I picked up lots of fallen sunflowers and propped them against the side of the house for no real reason other than they looked nice like that. I did some baking. I wrote some of a movie. I phoned friends I hadn't talked to in a while, just to say hello. I failed completely to get hold of anyone in New York by phone. I answered the phone a lot, because there were people calling in from New York. I decided not to fly to London on Saturday. I watched the documentary on The Wicker Man on the DVD (puzzled that the version I taped from the TV years ago is longer than the theatrical version, and shorter than the 99 minute 'extended' one).

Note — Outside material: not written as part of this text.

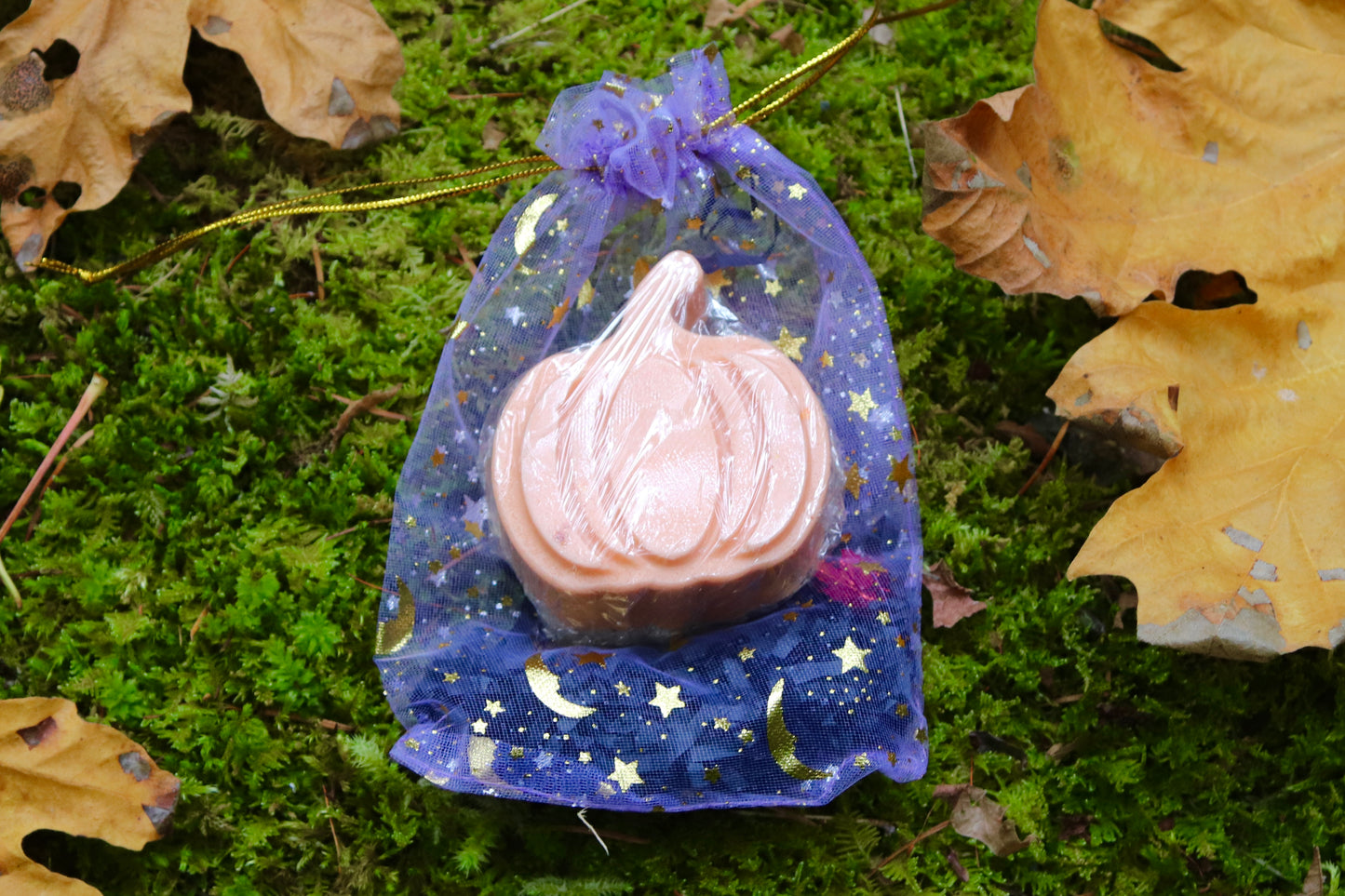 Holiday Pumpkin Soap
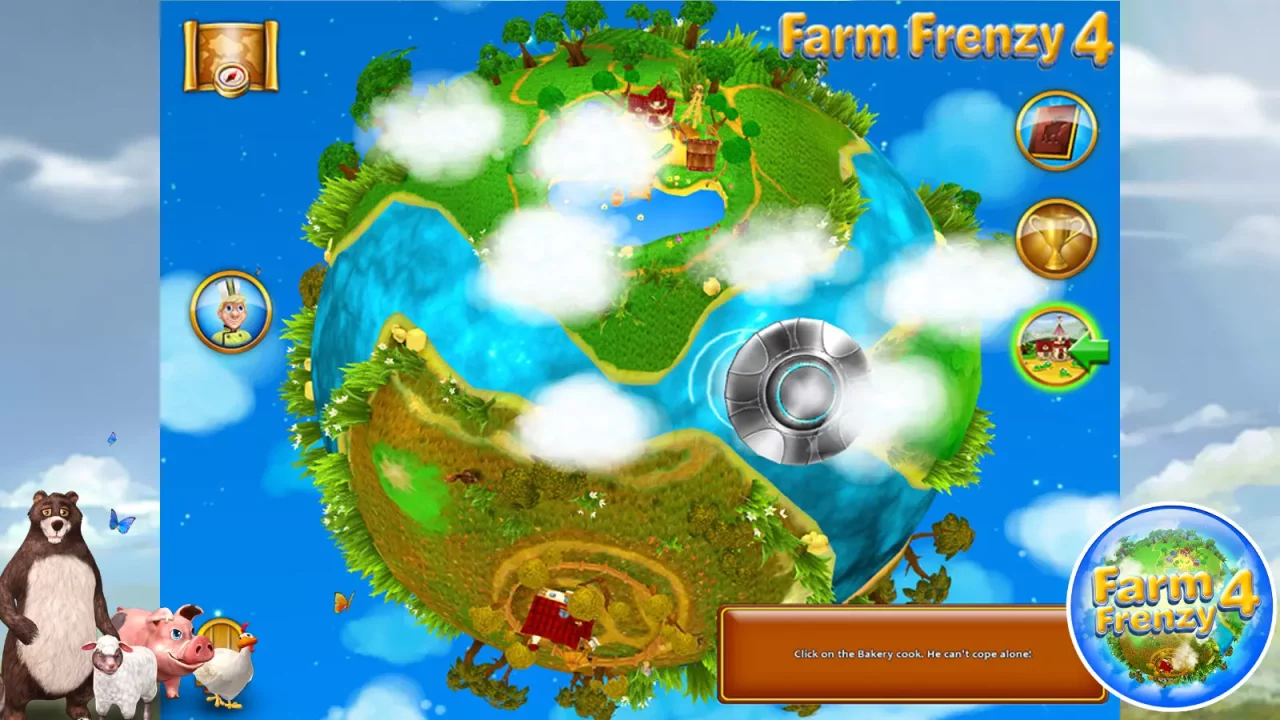-Farm Frenzy 4-游戏截图-好玩游戏库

I read a book about the Lazzi (or comedy routines and business) of the commedia dell'arte, with a weird sort of theory that they might make a metaphor. Cleaned the catboxes. Worried about the last couple of friends of mine in New York I've not heard from yet. Read Maddy tonight's chapter of Howl's Moving Castle. Made a Red Cross donation at Taught Maddy several card tricks.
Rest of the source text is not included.